Aus der Ehe des Beteiligten zu 1 mit seiner ersten Frau gingen vier Kinder hervor, als jüngstes M., geboren 1989. Die Mutter starb drei Monate nach der Geburt von M. Weil der Beteiligte zu 1 die Kinder nicht allein betreuen konnte, gab er seine vier Kinder gemeinsam zu den Beteiligten zu 2 und 3 in Pflege. Deren Kinder sind volljährig und nur noch besuchsweise im Elternhaus. M. befindet sich seit 13.9.1989 bei den Beteiligten zu 2 und 3 in Dauerpflege. Am 3.6.1994 heiratete der Beteiligte zu 1 wieder. Seine zweite Frau brachte eine Tochter mit in die Ehe. Am 2.4.1996 wurde ein gemeinsames Kind geboren. Die drei älteren, in den Jahren 1983, 1986 und 1988 geborenen Kinder aus der ersten Ehe kehrten am 21.5.1994 in den väterlichen Haushalt zurück, während M. bei den Beteiligten zu 2 und 3 verblieb. Der Beteiligte zu 1 und seine zweite Frau bemühten sich aber auch um die Rückführung von M. Seit Mai 1994 fanden aufgrund von Umgangsregelungen des Vormundschaftsgerichts regelmäßige Besuche von M. im väterlichen Haushalt statt; sie verbringt auch mehrere Wochen in den Ferien in der Familie des Vaters mit ihren Geschwistern.

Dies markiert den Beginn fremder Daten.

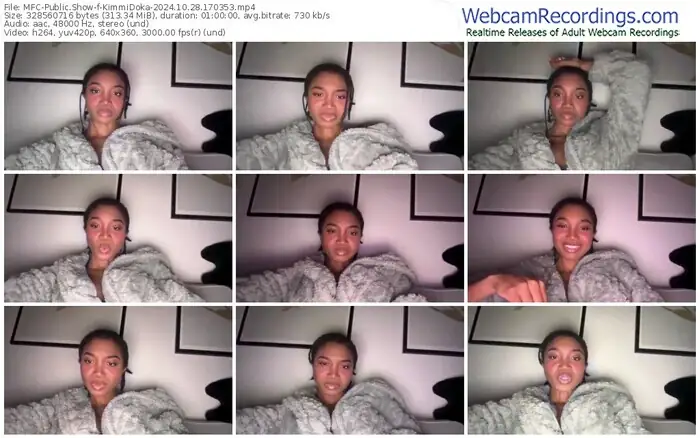 myfreecams-kimmidoka-10-28-2024-17-03-53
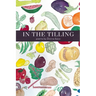 In the Tilling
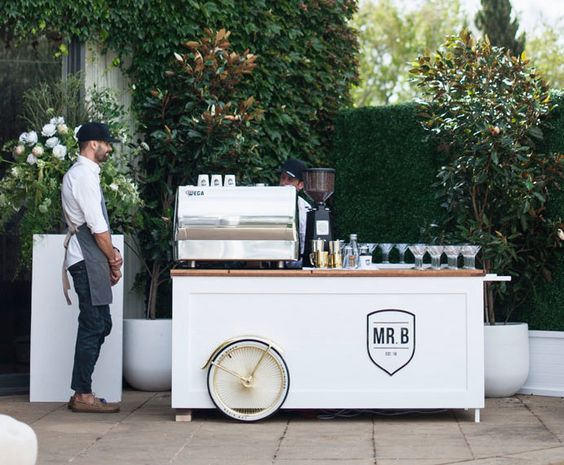 kinh-doanh-cafe-take-away-3 kinh doanh cafe take away không khó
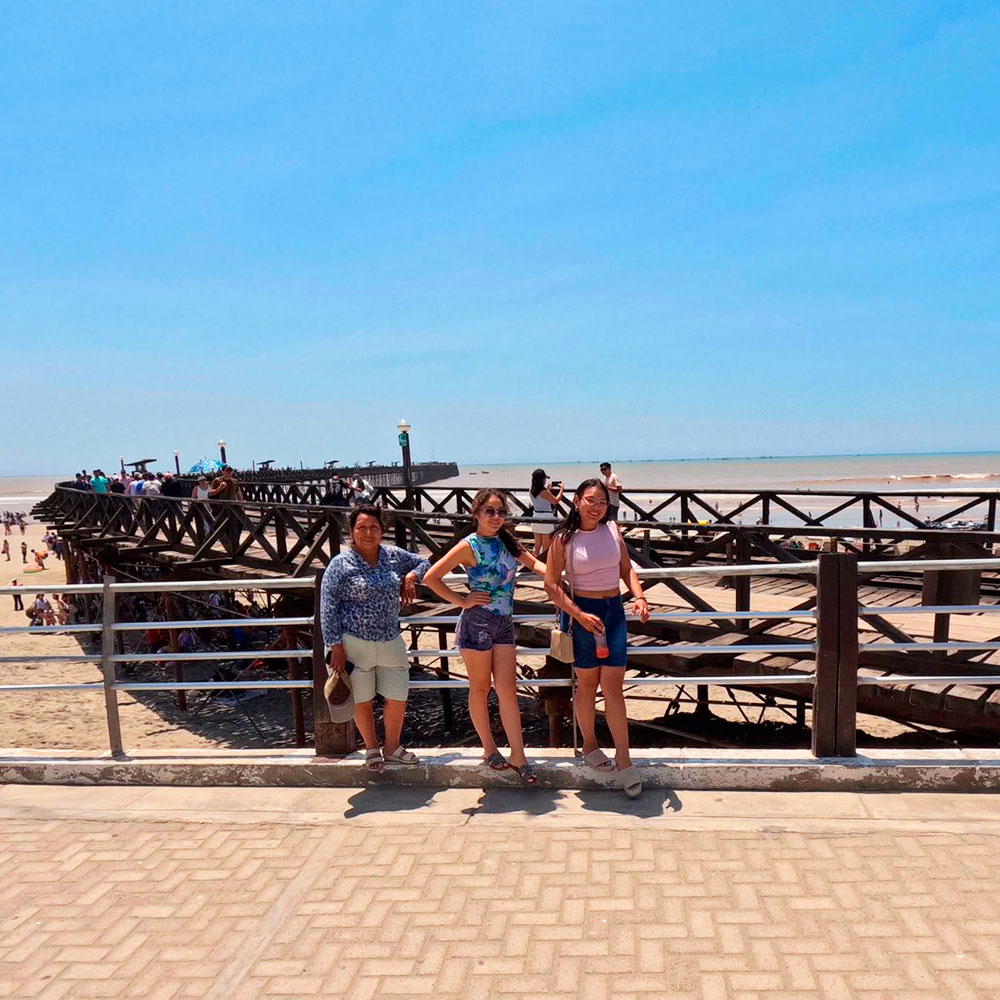 Muelle-de-Pimentel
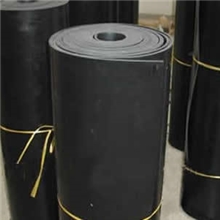 厂家批发优质工业橡胶板/橡皮/橡胶平垫/1MM2MM3MM4MM5MM6MM8MM10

Mit Schreiben vom 25.1.1995 verlangte der Beteiligte zu 1 die Herausgabe von M. von den Beteiligten zu 2 und 3. Diese beantragten ihrerseits den Erlaß einer Verbleibensanordnung. Nach Einholung eines kinderpsychologischen Gutachtens und des Berichts des Jugendamts sowie nach Anhörung der Beteiligten und des Kindes gab das Vormundschaftsgericht am 25.6.1996 dem Antrag des Vaters auf Herausgabe des Kindes statt und traf eine Regelung für den Umgang der Beteiligten zu 2 und 3 mit dem Kind. Der Antrag der Beteiligten zu 2 und 3 wurde zurückgewiesen.
Auf ihre Beschwerde holte das Landgericht ein weiteres Gutachten des Sachverständigen sowie einen ergänzenden Bericht des Jugendamts ein und hörte die Beteiligten und das Kind erneut an. Mit Beschluß vom 10.4.1997 änderte das Landgericht die Entscheidung des Vormundschaftsgerichts dahingehend ab, daß der Antrag des Beteiligten zu 1 auf Herausgabe von M. zurückgewiesen wurde. Es ordnete an, daß M. vorerst bei den Beteiligten zu 2 und 3 verbleibt, und es traf eine Umgangsregelung zugunsten des Beteiligten zu 1 für jedes zweite Wochenende sowie für die Ferien, Mit seiner weiteren Beschwerde wendet sich dieser gegen die Zurückweisung seines Antrags auf Herausgabe des Kindes und stellt auch für das Verfahren der weiteren Beschwerde Antrag auf Prozeßkostenhilfe.
Entscheidungsgründe
II.
Die zulässige weitere Beschwerde führt zur Aufhebung der Entscheidung des Landgerichts und zur Zurückverweisung der Sache an das Landgericht.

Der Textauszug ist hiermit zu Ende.